Directing a stop-motion film is a tedious process, which is likely why Kaufman enlisted the aid of Duke Johnson, whose credits include TV’s Moral Oral and Mary Shelly’s Frankenhole and a stop-motion segment of Community. The movement of the puppets is fluid and incredibly realistic, not unlike other recent puppet-based stop-motion films like Frankenweenie and Fantastic Mr. Fox, however Anomalisa’s realism is striking. The entirety of the production is meticulously detailed to be as real as possible, from a phone flopping on a table when thrown, cigarettes jostling out unevenly when the pack is shaken, all of it is so real it’s easy to forget you’re watching puppets.

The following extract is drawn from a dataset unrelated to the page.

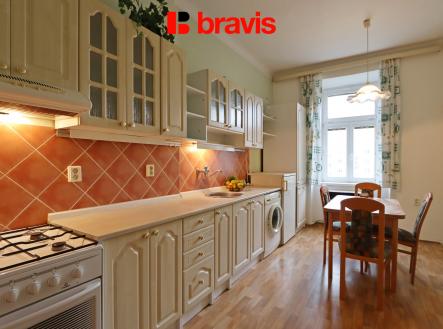 1 | Pronájem bytu, 2+1, 75 m²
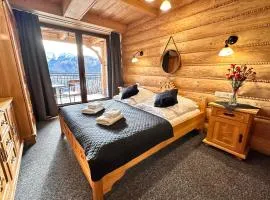 Apartamenty z widokiem na Tatry Cztery Pory Roku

While Johnson was likely in charge of the physical animation, Kaufman was obviously in charge of the minute movements and details of blocking and movement. Michael’s constant pinching of the bridge of his nose in frustration and exhaustion and the inclusion of some intense surrealism involving the design of the puppets and their facial construction are all evidence of Kaufman’s hand. He also uses the camera expertly, knowing when to leave a take long or keep it back from the characters to give them space and not feel invasive. He works well with cinematographer Joe Passarelli to keep lighting drab throughout Michael’s depression and key up the brightness when he exhibits happiness.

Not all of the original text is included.